All GSTA2 coding sequences used in phylogenetic analyses were obtained from Genbank (Supplementary Table 8). We constructed an avian GSTA2 coding sequence dataset by performing a tBLASTn search of avian genomes using the predicted Zebra finch GSTA2 (NP_001232758.1) protein sequence as query. To identify bona fide avian GSTA2 from these results, we added Mammalian, Chicken, and A. carolinensis GSTA2, GSTA3, and GSTA4 coding sequences along with GSTP1 outgroups and aligned all sequences using PRANK codon alignment, followed by manual adjustment in MEGA1056. Using this alignment, we constructed a gene tree using IQ-TREE57, where substitution model was automatically selected. Branch support analysis consisted of 1000 bootstraps, along with 1000 SH-aLRT branch test replicates. Avian GSTA2 formed a monophyletic clade sister to mammalian GSTA2 (Supplementary Fig. 6).

Structural modeling

The protein crystal structures of KEAP1 bound to NRF2 peptide (PDB ID: 2FLU) and GSTA2 (PDB ID: 2WJU) were visualized with the UCSF Chimera package (v1.13.1)58. Chimera is developed by the Resource for Biocomputing, Visualization, and Informatics at the University of California, San Francisco (supported by NIGMS P41-GM103311). The structure of Neoaves (Zebra finch T. guttata) GSTA2 was inferred via homology modeling using the MODELLER interface in the UCSF Chimera package59. The run with the lowest discrete optimized protein energy score was assessed60. ProCheck was used to verify the high probability of bond angle and length stereochemical conformations, as indicated by positive overall G-factor61. Comparisons of each model’s total energy to that expected by random chance were examined using ProSA-web62.

Construct design

Human KEAP1 construct (pcDNA3-HA2-Keap1) was a gift from Yue Xiong (Addgene plasmid # 21556; http://n2t.net/addgene:21556; RRID:Addgene_21556)63. The Human KEAP1 deletion mutant (Δ442-488) was created and cloned into the pcDNA3-HA2 backbone through the NEBuilder® HiFi DNA Assembly protocol using a high-fidelity DNA Pfu polymerase (Agilent). The complete coding sequence of Chicken (G. gallus) KEAP1 was amplified from liver cDNA with a high-fidelity DNA polymerase (Platinum SuperFi, Invitrogen) (Supplementary Tables 6 and 12) and cloned into the pcDNA3-HA2 backbone (NEBuilder® HiFi DNA Assembly Cloning Kit). The predicted Zebra finch (T. guttata) KEAP1 coding sequence (NW_002221036.1) was synthesized as a gBlock Gene Fragment (Integrated DNA Technologies) and cloned into the pcDNA3-HA2 backbone (NEBuilder® HiFi DNA Assembly Cloning Kit). Human NRF2 construct (pCDNA3-Myc3-Nrf2) was a gift from Yue Xiong (Addgene plasmid # 21555; http://n2t.net/addgene:21555; RRID:Addgene_21555)63. The complete coding sequences of Chicken (G. gallus) and White-throated sparrow (Z. albicollis) NRF2 were amplified from lung and liver cDNA, respectively (Supplementary Tables 6 and 12) using a high-fidelity DNA Pfu polymerase (Agilent) and were then cloned into the pcDNA3-Myc3 backbone (NEBuilder® HiFi DNA Assembly Cloning Kit).

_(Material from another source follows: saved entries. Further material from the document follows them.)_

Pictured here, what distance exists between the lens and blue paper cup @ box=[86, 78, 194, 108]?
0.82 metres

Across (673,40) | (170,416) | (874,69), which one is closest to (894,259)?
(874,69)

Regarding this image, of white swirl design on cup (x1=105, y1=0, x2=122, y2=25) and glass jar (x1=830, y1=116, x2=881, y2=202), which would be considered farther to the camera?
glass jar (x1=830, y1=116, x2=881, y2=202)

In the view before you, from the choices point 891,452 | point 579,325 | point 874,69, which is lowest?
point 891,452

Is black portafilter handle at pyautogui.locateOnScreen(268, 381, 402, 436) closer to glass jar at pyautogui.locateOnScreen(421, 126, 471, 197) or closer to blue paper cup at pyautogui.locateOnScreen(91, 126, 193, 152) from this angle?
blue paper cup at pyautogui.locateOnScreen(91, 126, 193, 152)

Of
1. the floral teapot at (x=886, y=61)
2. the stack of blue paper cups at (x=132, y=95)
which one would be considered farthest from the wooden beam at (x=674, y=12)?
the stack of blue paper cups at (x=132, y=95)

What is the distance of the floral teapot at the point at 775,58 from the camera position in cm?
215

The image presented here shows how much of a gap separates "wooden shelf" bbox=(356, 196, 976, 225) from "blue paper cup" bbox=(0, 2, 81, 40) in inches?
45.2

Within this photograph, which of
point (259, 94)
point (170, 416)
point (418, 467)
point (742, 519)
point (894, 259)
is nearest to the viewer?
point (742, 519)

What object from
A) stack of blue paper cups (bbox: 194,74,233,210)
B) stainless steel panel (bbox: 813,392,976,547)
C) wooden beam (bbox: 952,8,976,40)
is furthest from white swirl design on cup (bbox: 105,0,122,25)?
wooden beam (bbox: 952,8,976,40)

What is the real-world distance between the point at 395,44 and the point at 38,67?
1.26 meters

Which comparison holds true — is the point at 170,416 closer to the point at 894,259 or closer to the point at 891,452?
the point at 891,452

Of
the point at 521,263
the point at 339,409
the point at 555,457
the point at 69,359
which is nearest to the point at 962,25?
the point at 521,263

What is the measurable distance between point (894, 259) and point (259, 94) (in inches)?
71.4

HEK293T cell culture and NRF2-KEAP1 immunoprecipitation

HEK293T cells were cultured at 37 °C 5% CO2 in 100-mm dishes containing minimum essential medium (Gibco) supplemented with 1× GlutaMAX (Gibco) and 10% heat-inactivated fetal bovine serum (Corning). At 85% confluency, cells were transfected with HA2-KEAP1 and/or Myc3-NRF2 plasmid constructs using the Lipofectamine 2000 Transfection Reagent (Thermo Fisher Scientific). Twenty-four hours post-transfection, cells were treated with proteasomal inhibitor MG-132 (Sigma Aldrich). Cells were then lysed 4 h later with a IGEPAL CA-630 lysis buffer (50 mM Tris-HCl [pH 7.5], 150 mM NaCl, 50 mM NaF, 1 mM Na3VO4, 0.1% IGEPAL CA-630, 1 mM dithiothreitol [DTT], 1× protease inhibitor cocktail). Cell lysates were incubated with monoclonal anti-HA conjugated magnetic bead slurry (MBL) overnight at 4 °C on an inverting rotator. Lysates were washed three times in wash buffer (TBS, 0.1% IGEPAL CA-630, 1 mM DTT), and immunoprecipitated HA2-tagged KEAP1 was eluted by adding 1× Laemmeli buffer, boiling for 5 min, followed by physical separation from magnetic bead slurry using a magnetic rack (MBL). HA2-KEAP1 and/or Myc3-NRF2 proteins were visualized and quantified through sodium dodecyl sulfate-polyacrylamide gel electrophoresis (SDS-PAGE) and immunoblotting.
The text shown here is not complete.